Publicado no Jornal A TARDE em 2015.
Tenho uma colega uruguaia, Mariel, que é encantada com a saideira. Ela diz que a saideira é uma entradeira, tamanha sua repetitividade. Lembram quando unidos pedimos a saideira? Aquela rodada de bebidas que era para ser a última de momentos de alegria ou de tristeza, chama outra rodada. Aliás, a última não, lá ele esse negócio de última, quem declara que seria a última qualquer coisa ou acontecimento pode precipitar a passagem dessa para melhor. Nada adianta lembrar aos menos atentos que fala-se de uma última específica, o melhor é não entrar nessa discussão e afastar possibilidades de infortúnio.
É ou não verdade que pedimos sempre uma outra saideira, mais outra, assim por diante? Nem adianta o garçom ou os donos da casa fazerem cara feia. A saideira nunca será a última, és o início de uma próxima.
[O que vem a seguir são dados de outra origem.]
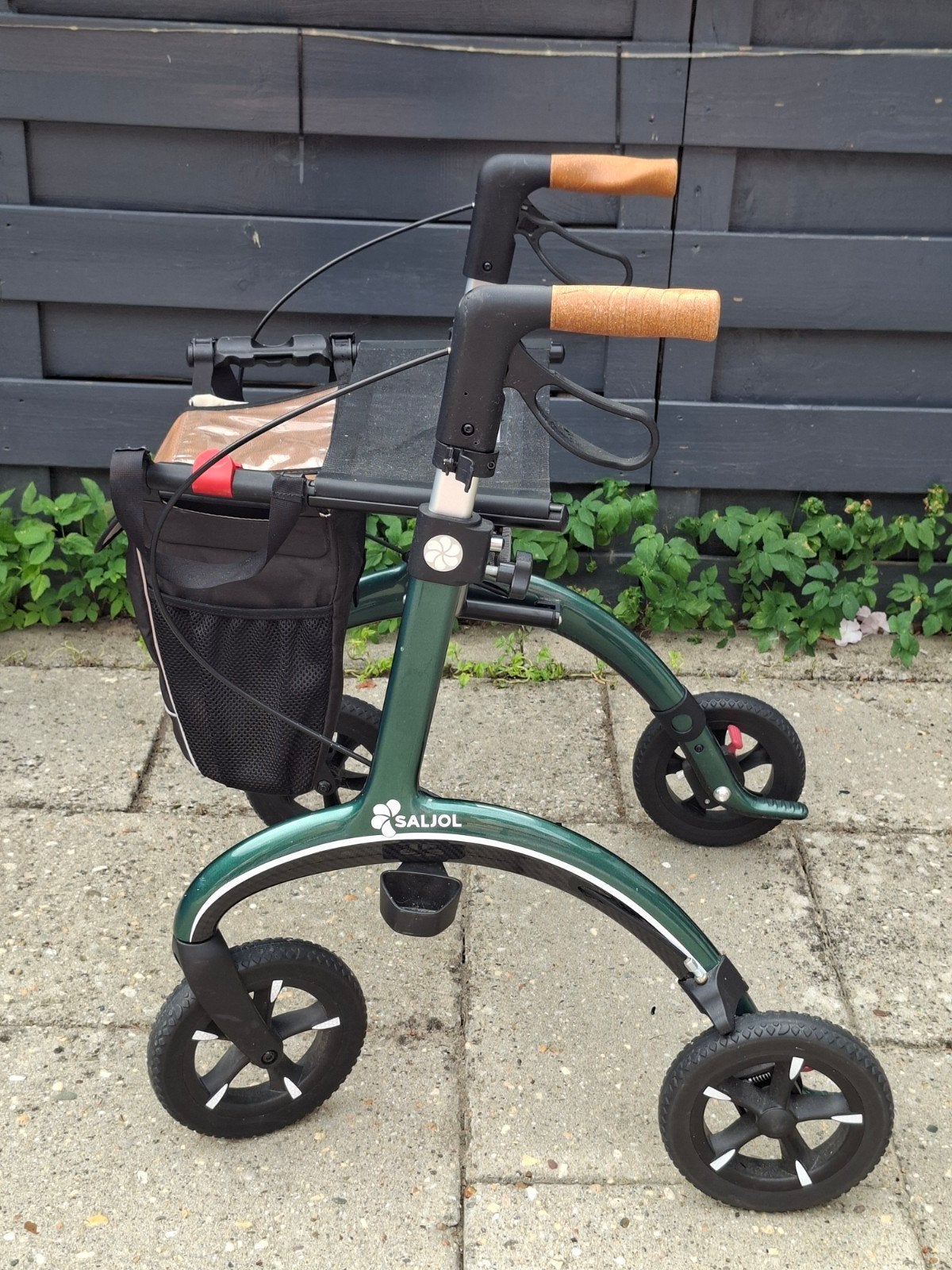 luxe Saljol Carbon lichtgewicht rollator., Ophalen of Verzenden, Lichtgewicht, Zo goed als nieuw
Há duas formas da saideira, talvez, ser de fato a saideira e para as duas há controvérsias e discussões em infindadas saideiras. A primeira forma de confirmar a existência de uma saideira é quando o sujeito ou a senhora morre depois de uns goles, não necessariamente logo em seguida. Sobre essa saideira há de se investigar quando o defunto ou a defunta bebeu pela última vez se o anúncio da saideira existiu.
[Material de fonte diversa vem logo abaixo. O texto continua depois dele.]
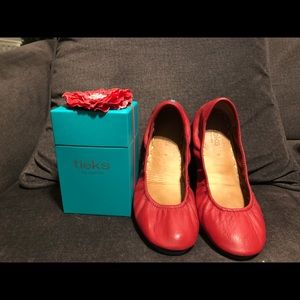 Cardinal Red Tieks Size 9
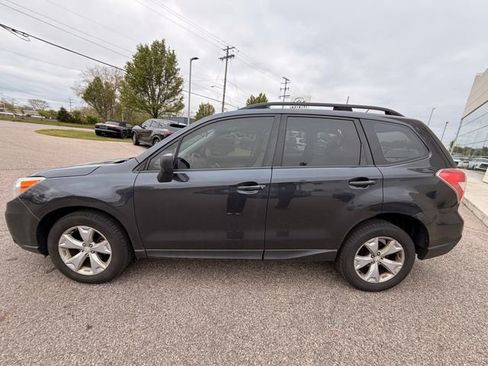 Used 2015 Subaru Forester 2.5i w/ Alloy Wheel Package AWD/4WD image 4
Sei o que estão pensando ou imagino, mas quem garante que na calada da noite o individuo não teria visitado a geladeira e tomado uns goles da “cura ressaca”? A saideira pode não ter sido anunciada. Triste com a falta de proclamação da derradeira golada, o espírito inconformado pediria eternamente a Exu os primeiros goles oferecidos na terra por gente sabida e de boa índole. Só para rememorar: é recomendado oferecer ao santo o primeiro gole, pingando no chão medida da bebida sem mesquinhez.
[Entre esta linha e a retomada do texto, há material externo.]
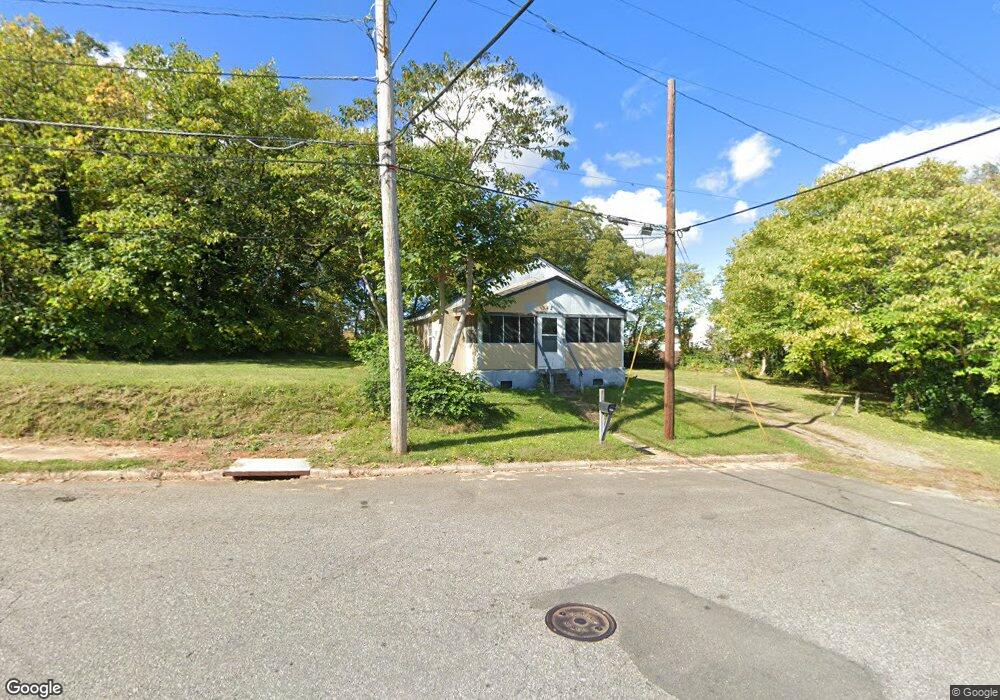 742 Washington Ave, Statesville, NC 28677 - photo 1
Ainda na primeira possibilidade, como ter certeza que lá entre os nove céus do orum (mundo dos mortos) não estaria a pessoa a viver saideiras com amigos a esperar por outros sem antecipar as tais partidas? Antes que falem em saídas bruscas e términos antecipados, digo que isso não tem valia. Violência e interrupções do ritual não constituem saideiras.
Na segunda hipótese a ser debatida e talvez mais provável, a saideira teria dia e hora marcadas, sempre no 31 de dezembro às 23:59:59′. Nesta situação, ter-se-ia a certeza de estar tomando o último gole do ano sem confusões de relógios e horários outros ou por pequena fração de segundo misturaria os goles do fim de um ano com o início do outro? Lembram que o big ben já atrasou? Quem garantiria a exatidão dos relógios?Por favor, não proponham que a saideira seja bem mais cedo para evitar confusões com relógios atrasados ou retardatários. Voltaríamos a problemas da primeira hipótese na funesta possibilidade da saideira antecipar a morte: insola.
Sejam lá como forem as teses sobre a saideira, ela é infinita. A saideira é o sinal de nosso elo, algo como dizer que a amizade continua, uma face de nosso espírito de comunhão. Neste final de 2014, início de 2015, teremos muitas saideiras, algumas reinventadas com suco, refrigerante e água. Sóbrio, apto para bafômetros, irei ao Ilê Asipà fazer o ebó do ano, ouvir as recomendações com Zé Félix como Mestre Didi ensinou e viver tranqüilo em eternas saideiras.